Installing Freshmeat on a Linux VPS:
I will recommend using a Linux VPS for the installation of Freshmeat. Just get the terminal ready and make sure that you have Python3 installed along with Pipenv. And then proceed with installation of PostgreSQL. For that, you just run the following command and then you can simply wait for the installation process to finish.
sudo apt install postgresql npm
After PostgreSQL installation, you can set new password and update that in the records. You have to use update the username, passwords, and other SMTP details in the “development.cfg” file which is located in the “/src/Instance” folder in the source code. And then finally install the dependencies by running the following command.
pipenv install
pipenv shell
npm install
After the dependencies install, you can start with the database configuration part. For that, you just need to run the following commands one after another and then simply wait.
export APPLICATION_SETTINGS=development.cfg
python src/manager.py db_create
python src/manager.py db_init
python src/manager.py create_admin <login> <password>
python src/manager.py import_projects var/projects.json
python src/manager.py import_osi_approved_licenses
If these commands finish successfully without any problem then you have completed the installation part. Now, you just have to run the app and then add projects that you want to monitor. That is all explained in the next section.
Using Freshmeat to Track Software Directories and Software Releases:
In the previous section, I have mentioned how you can install it. The same command should work on other platforms as well such as Windows. However, you will have to install the PostgreSQL using some other method. Now, simply come back where we left and in the same terminal, you run the following command. Copy the HTTP URL it shows in the terminal and then you can simply paste that in the address bar of the browser and then wait for web UI of the app to show up.
python src/runserver.py
You can see the main UI of Freshmeat in the screenshot above.
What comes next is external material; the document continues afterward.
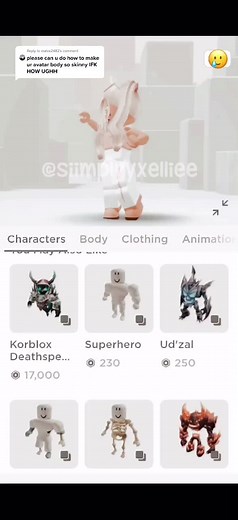 Reply to @malva2482 here’s how you get a skinny body || tags~ #roblox 💞 #skinnybody 🕊 #robloxtutorial 🌸 #fyp 🐚 #avatartutorial 🤍 #preppy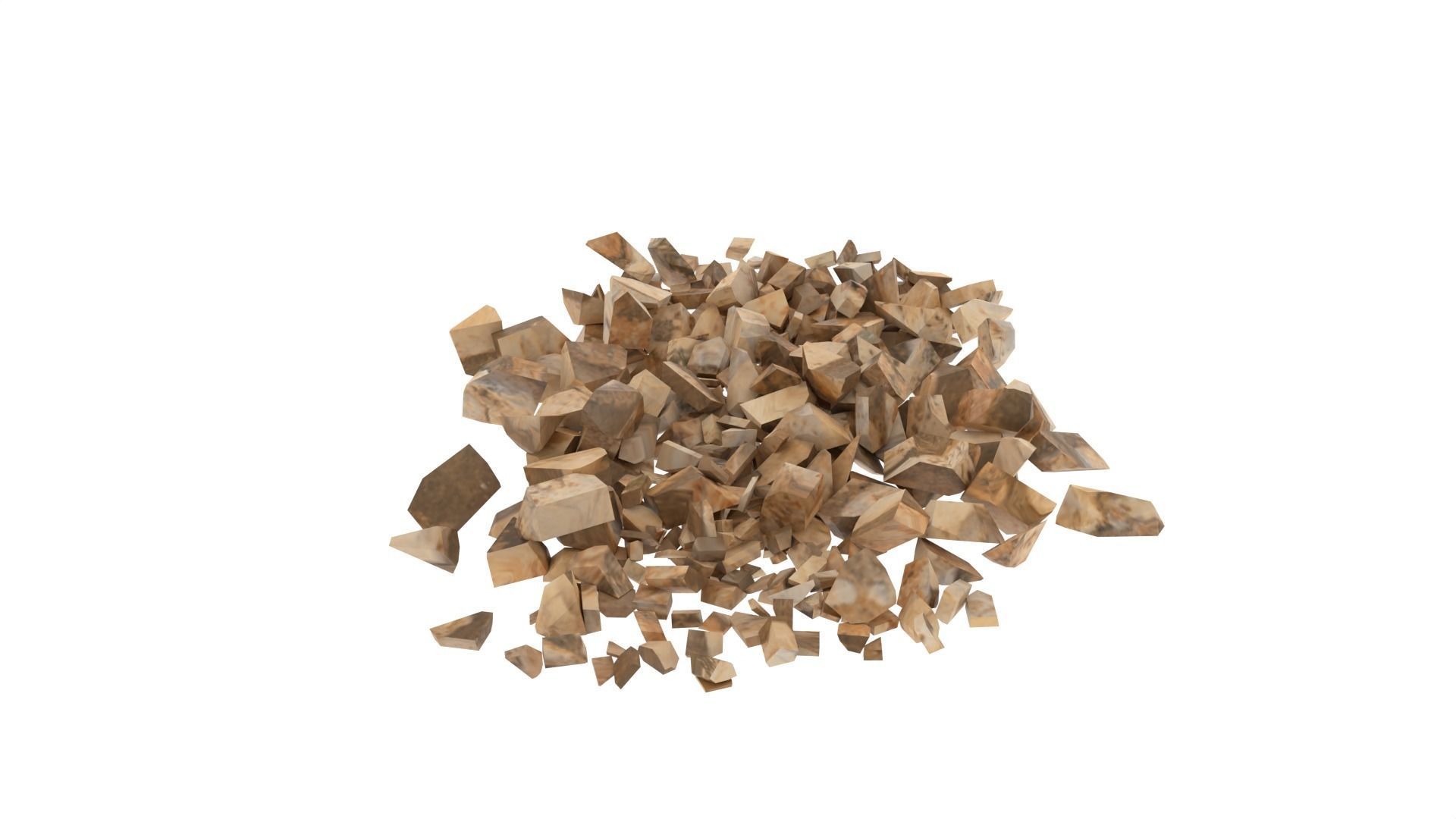 Stone pile of wood chips Low-poly 3D model_1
At first, there are no projects included and the interface is empty. So, you should start adding some projects in this software directory tracker. To add a project, you simply click on “Projects+” and then proceed with the flow. Give your project a name and then you can simply add its URL and add some additional comments and finally save the project. Simple as that.
In this manner, you can add multiple projects in Freshmeat. After adding the projects, you can simply move on to the statistics section and see more details there. In the statistics, you can see the license distribution and tags to explore. Now, after all this, one more thing that you can work with here is the workers included in this tool.
The included workers are located in the “src/workers/” directory and you can run them explicitly whenever you want. And you can also define a schedule periodically with the help of cron jobs. the various workers included are below and you can see how to run them.
Retrieving CVEs: python src/manager.py fetch_cves
Release tracking: python src/manager.py fetch_releases
Retrieving news about projects: python src/manager.py fetch_news
Above you can see the different workers included in this project. If you have knowledge of cron jobs then I sure that you will be able to set up this on any platform. However, I only tested it on a Linux machine, so I can’t guarantee that it will work without any problem on other platforms. But it should work on Windows and macOS in the same manner.
Closing thoughts
If you need to monitor software directory for new releases and new vulnerabilities then Freshmeat is the right tool for you. The installation part can be tricky, so I will advise you to proceed carefully. Make sure that Linux repositories are up to date and the system is not running low on memory or the resource consumption is not too high during the installation and setting up process. Overall, the interface is simple and all the sections and UI elements are self-explanatory.